Assignment - Only the lines of the listing below that run from the line with "108Pcs 9 Colors" through the line with "Zyllora High Temp" are to be set down, word for word. Pictures stay out.

# # #

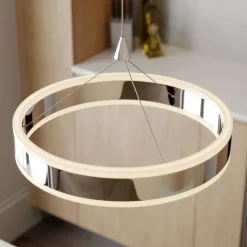 Pendellamper|Pendellamper ^ Lucande LED-pendellampe Lyani, 85 cm, 2 lyskilder, krom, dæmpbar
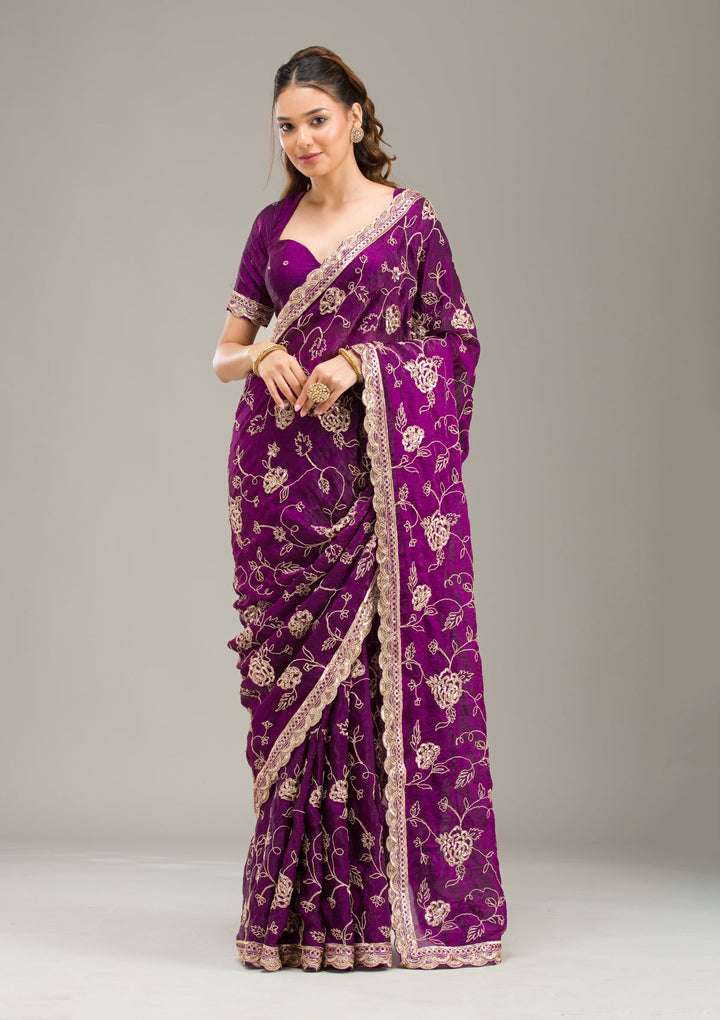 Black Threadwork Linen Unstitched Salwar Suit-koskii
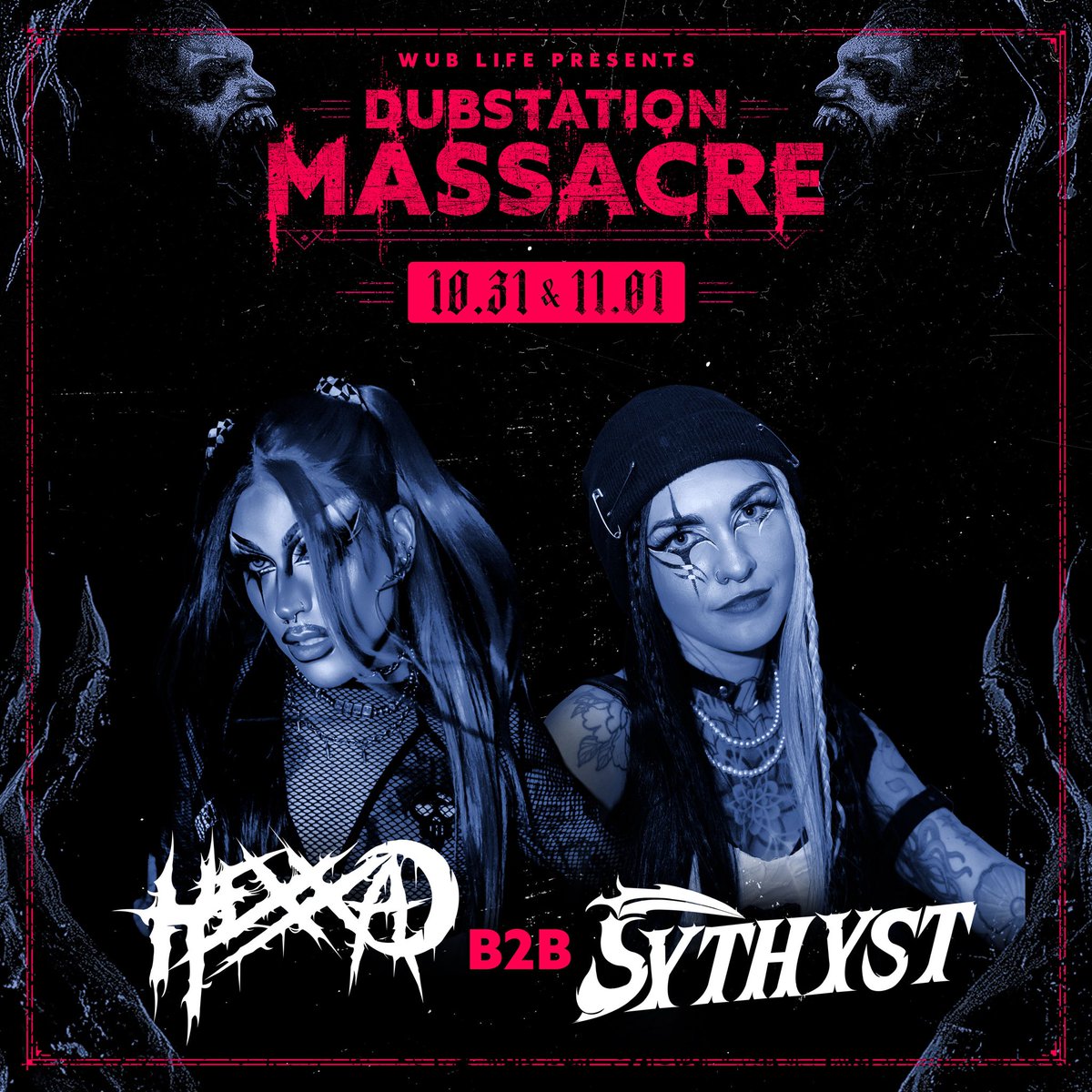 DubMassacre's tweet photo. 𝖆𝖗𝖙𝖎𝖘𝖙 𝖘𝖕𝖔𝖙𝖑𝖎𝖌𝖍𝖙 𝟏𝟎// @hexxaofficial &amp; @Sythystbro are ripping open the gates for their Dubstation Massacre B2B debut this Halloween; a set built to possess your very soul 🔪🖤

What should our Halloween costumes be? Drop your ideas below 👻 https://t.co/0T4S9DmQGF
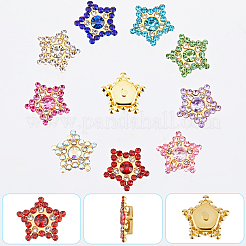 108Pcs 9 Colors Star Sew on Rhinestone&nbsp;OACR-GF0001-13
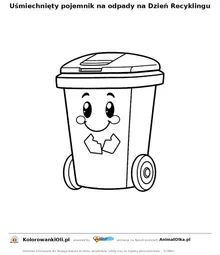 Uśmiechnięty pojemnik na odpady na Dzień Recyklingu — kolorowanka na Dzień Recyklingu do wydruku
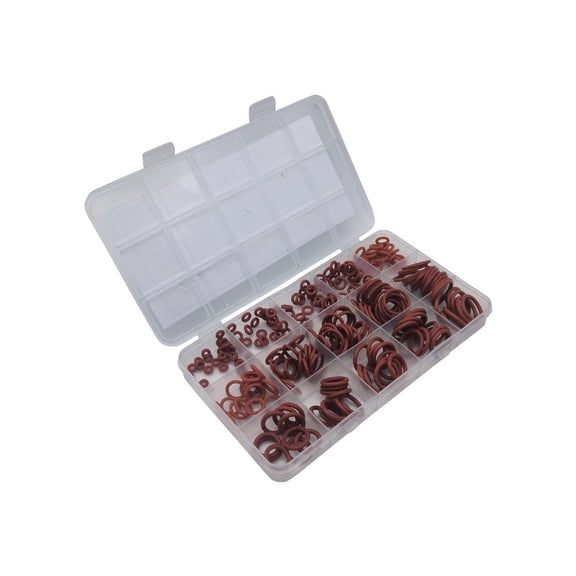 Zyllora High Temp Resistant Red Silicone O Ring Kit 225Pcs Sealing Gasket Set for Industrial Valves Pumps and Pressure Systems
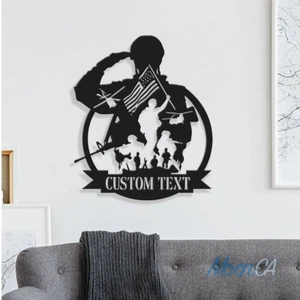 Personalized Army Soldiers Silhouette Name Metal Sign, US Army Gift, Custom Mili - Picture 1 of 11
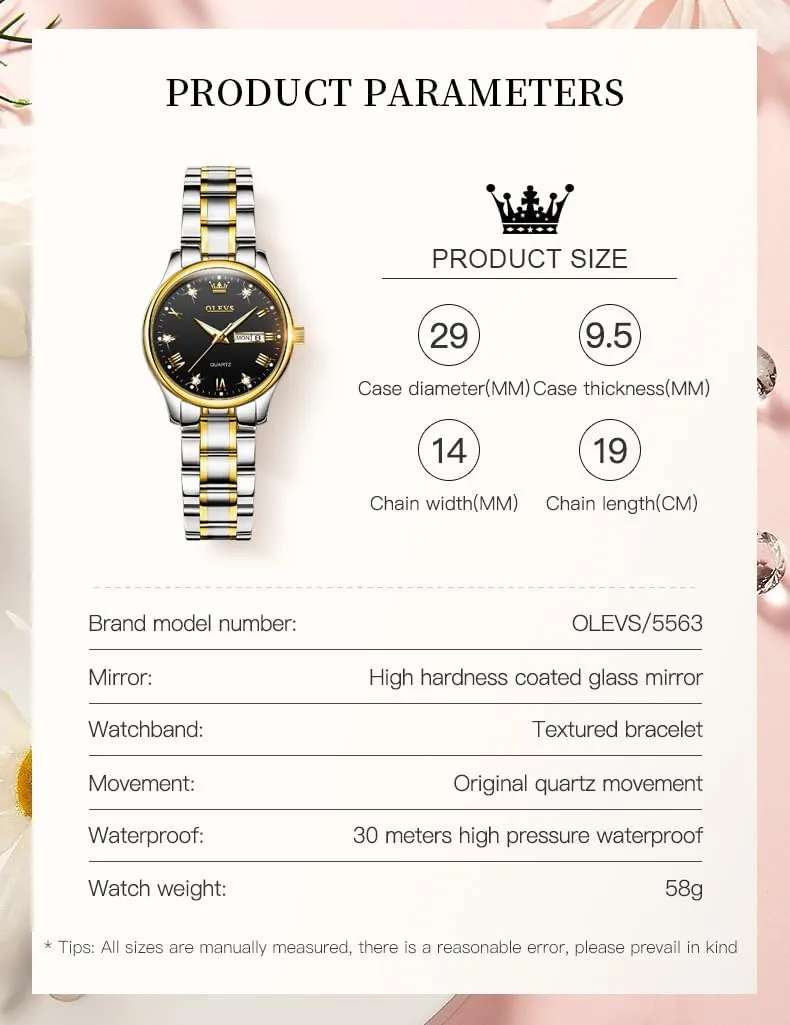 Business Dress Small Stainless Steel Ladies Dress Wrist Watch Analog Date Waterproof OLEVS nostalgic horizon televise steal Women Watch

# # #

Exercise answer -
 108Pcs 9 Colors Star Sew on Rhinestone&nbsp;OACR-GF0001-13
 Uśmiechnięty pojemnik na odpady na Dzień Recyklingu — kolorowanka na Dzień Recyklingu do wydruku
 Zyllora High Temp Resistant Red Silicone O Ring Kit 225Pcs Sealing Gasket Set for Industrial Valves Pumps and Pressure Systems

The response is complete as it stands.